15
Sans la présence de Valentine, Rohan aurait sans doute trouvé le voyage ennuyeux. Mais la jeune fille, qui avait largement pris part aux études du jeune homme, fut de l'expédition. Après avoir passé la nuit à Helsinki, ils suivirent la nationale 3 en direction du nord, pendant trois cent cinquante kilomètres.
Sise dans les grandes plaines de l'Ostrobotnie, Kurikka était une petite ville d'une dizaine de milliers d'âmes, érigée en municipalité autonome en 1868, mais dont les origines remontaient au début du quinzième siècle. Traversée par la rivière Kyrînjoki, la plaine de Kurikka offrait un relief monotone de champs à perte de vue, hormis quelques zones forestières.
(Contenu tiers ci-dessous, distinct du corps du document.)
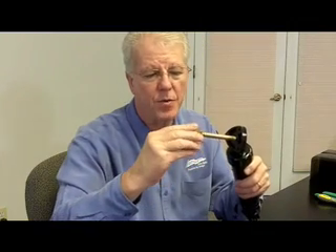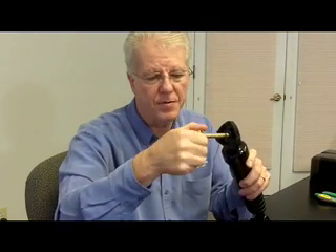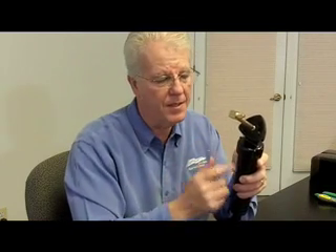Sometimes when you get inside the transom, things get a little tight and while you're putting on the brass pipe nipple, you might have inadvertently ran that pipe nipple in too far. You could take a vice grip, back the pipe nipple out about one full turn and see if that doesn't increase the speed of the hydraulic cylinder.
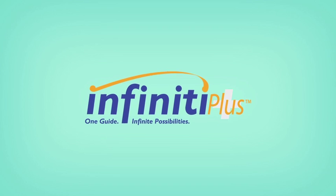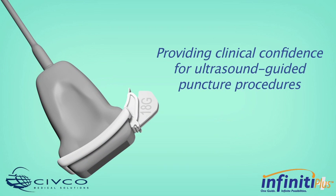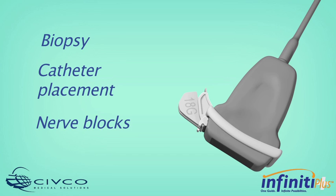Reliable in-plane positioning. It's made possible through CIVCO's innovative Infinity Plus Needle Guidance System, offering infinite angle capabilities and providing clinical confidence for ultrasound guided puncture procedures, including biopsy, catheter placement, and nerve blocks.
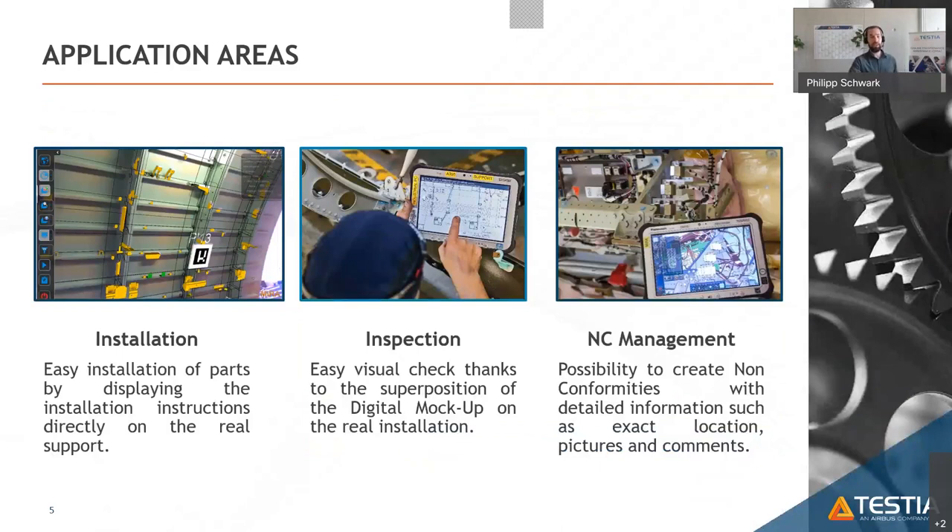The first typical application area is the installation use case. You can see an aircraft from the inside with stringers and frames. Orange-highlighted parts are the ones the worker shall install, and green-highlighted parts are already installed and marked complete. This gives a complete overview of what needs to be done next and what has already been finished.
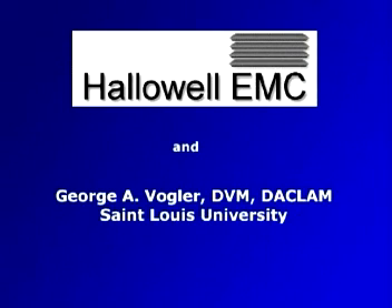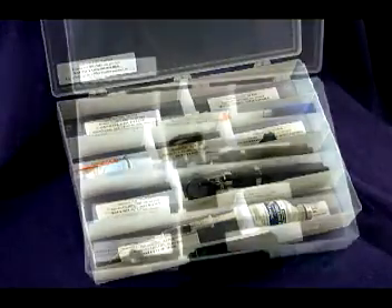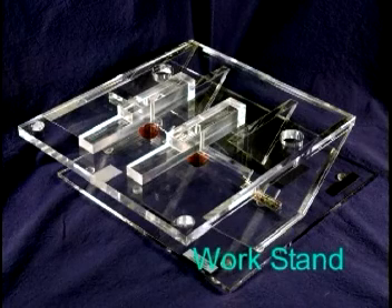Hallowell EMC, with our cooperation, has assembled intubation kits for rats and mice, each containing the various items needed to make intubation a much more manageable task. In addition to the kits, a work stand allows the mouse to be held securely in a comfortable position as the intubation is performed.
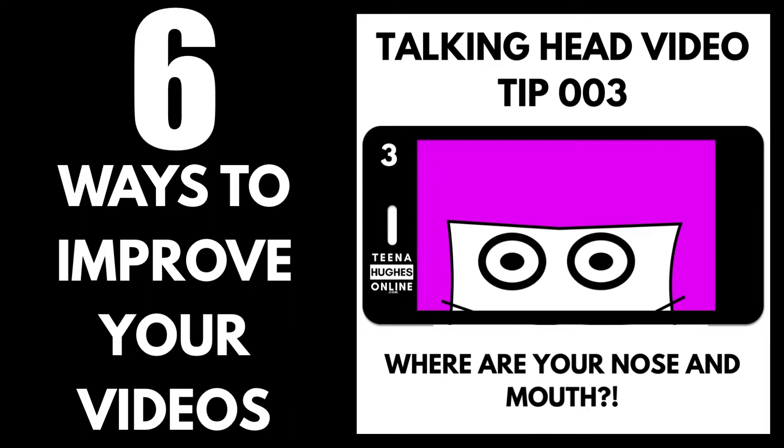Tip 3. Can the viewers see your nose and mouth? Make sure your eyes are level with the camera lens so your entire face is on screen. For professional chats, make sure to sit up straight.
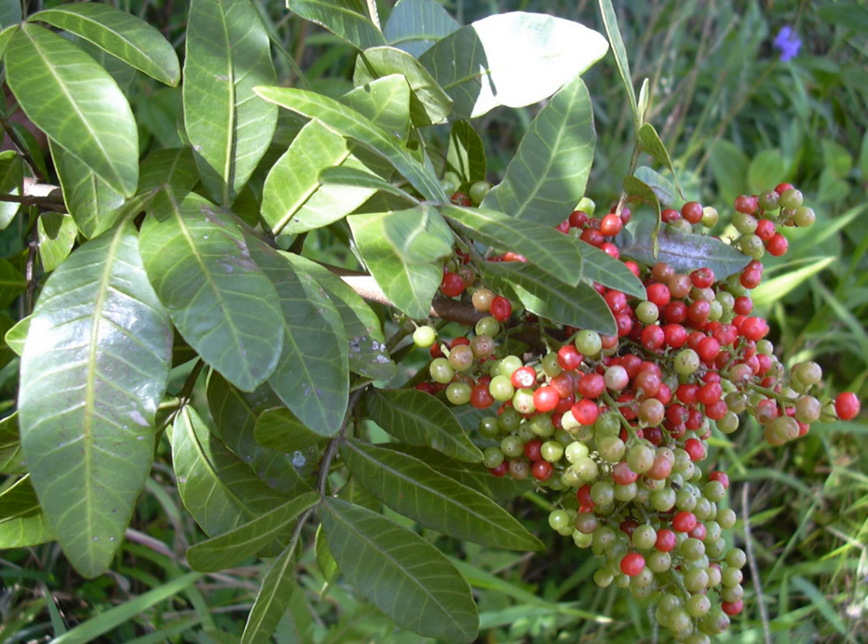Common names include Brazilian Peppertree, Arrera, Rose Pepper, Broadleaved Pepper Tree, Wililike or Wililike, Christmasberry, and Florida Holly.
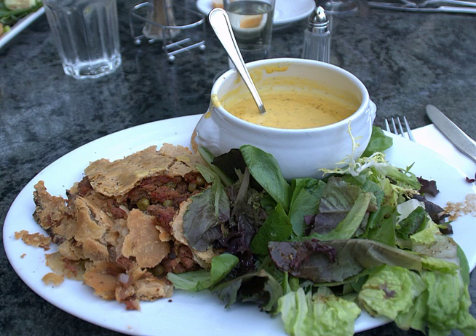Corned beef pie is made from corned beef, onion, and often thinly sliced, cubed or mashed potato. It can be eaten hot or cold, making it a suitable common picnic food and also a winter warmer.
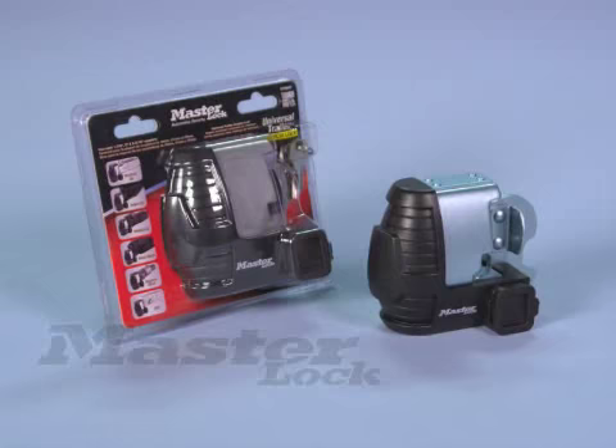Keep your gear yours. Use a Master Lock. Tough under fire.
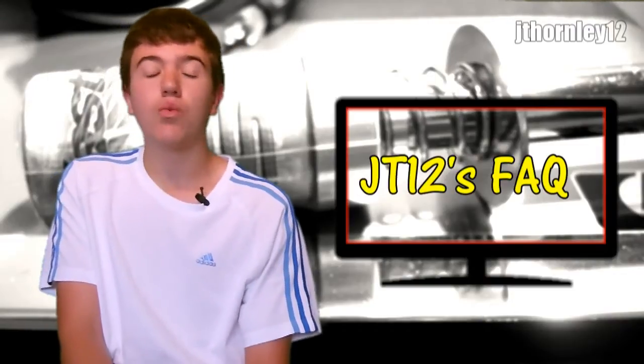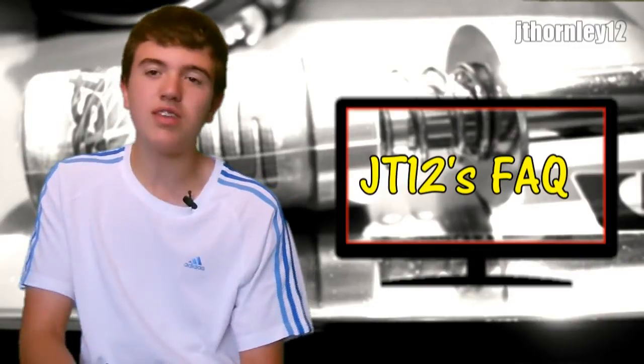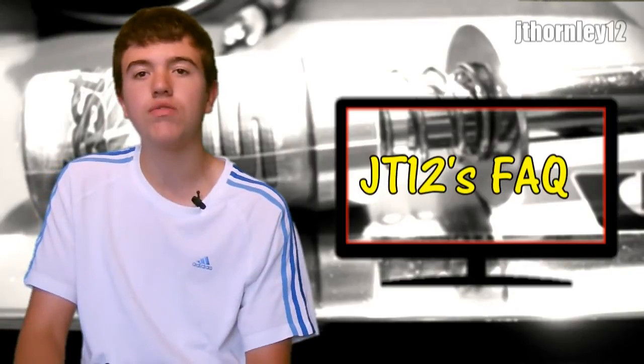Frequently Asked Questions. In this video I'm going to be answering the frequently asked question: why does my nitro engine die or stall when the glow igniter is removed? This is a very common question not only for beginners but for pros as well.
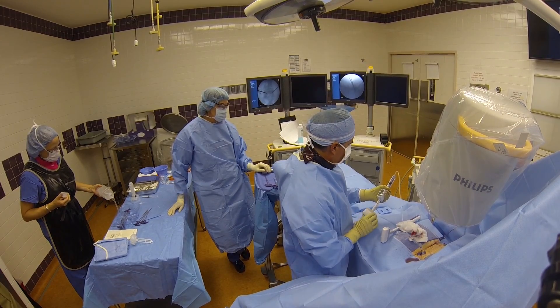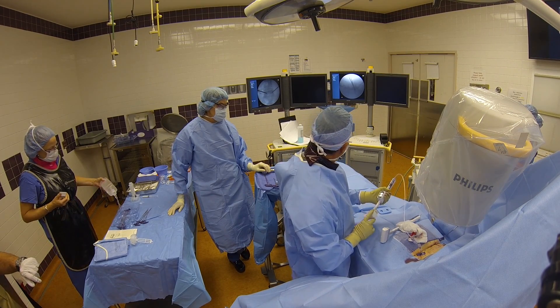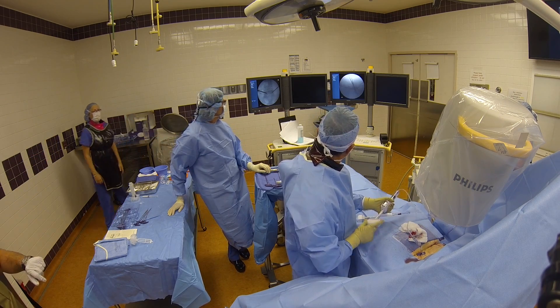The next step is to use a small drill to create a channel into which I will place the deflated balloons. Notice how I am constantly checking the x-ray machines to make sure that I am safe.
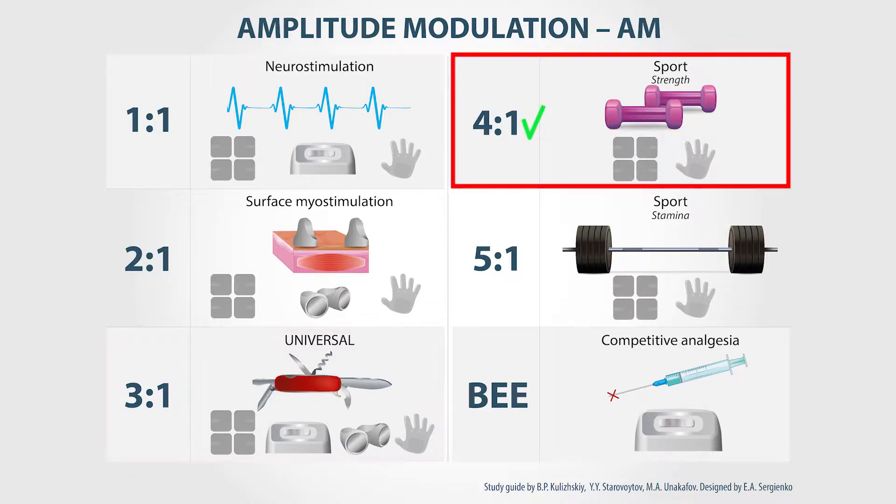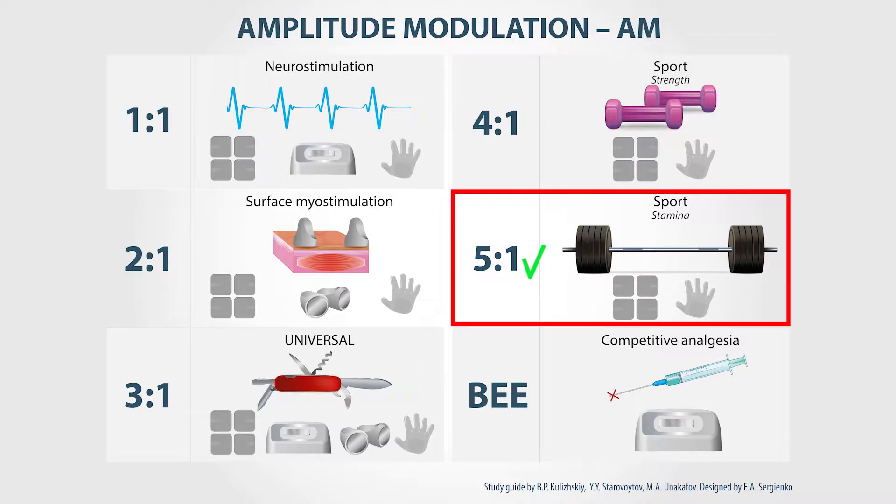Four to one is the sports mode for training of strength and speed. Use self-adhesive electrodes or conductive gloves. Five to one is also a sports mode, for training of strength and stamina. Use self-adhesive electrodes or conductive gloves.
La région vivait essentiellement du travail du bois et des métaux.
— En hiver, ce doit être plutôt tristounet, commenta Valentine.
Mais on était au cœur du printemps et un soleil radieux éclaboussait la région. Paul Flamel retint des chambres dans un hôtel accueillant, situé sur les rives d'un des rares lacs de la région.
Rohan trouvait étrange que l'on pût faire autant de kilomètres simplement pour étudier un procès vieux de près de cinq siècles. Cependant, il n'osa pas en parler à Flamel, lequel n'aborda pas le sujet pendant le repas du soir.
La nuit venue, Rohan éprouva un peu de mal à trouver le sommeil. Il y avait derrière cette démarche quelque chose qui lui échappait. Les différents sujets d'études proposés par Paul Flamel suivaient un plan bien précis. Il en était convaincu. Mais quel était ce plan ? Pourquoi Douglas Westwood s'était-il penché sur des domaines que rien apparemment ne reliait entre eux. Quel rapport pouvait-il y avoir entre les hommes de Cro-Magnon de Sibérie et la sorcellerie, entre le site de Glozel et les animaux brusquement disparus de l'holocène ? L'époque, peut-être. Mais comment rattacher tout cela à une affaire de sorcellerie du seizième siècle ? Et que venait faire l'Ensis Dei, une organisation secrète de l'Inquisition, dans tout ça ?
Au fond, peut-être se montrait-il trop méfiant. Paul Flamel essayait seulement de l'intéresser aux travaux de son père.


Le lendemain, dès l'aube, Paul Flamel invita les deux jeunes gens à se préparer sans même prendre de petit déjeuner. Ils montèrent dans la voiture. Rohan regarda Valentine, qui lui jeta un regard amusé. Visiblement, elle était habituée à ce genre d'excentricités de la part de son grand-père.
— Où allons-nous ? demanda Rohan, dont l'estomac renâclait.
— Mon ami Markus Aarlahti nous attend, répondit simplement Flamel.
Après un voyage d'une dizaine de kilomètres, ils pénétrèrent dans une petite propriété en lisière de la forêt. C'était une magnifique maison en bois foncé, au toit en pente douce, flanquée d'un garage où l'on apercevait deux grosses Volvo et deux motoneiges.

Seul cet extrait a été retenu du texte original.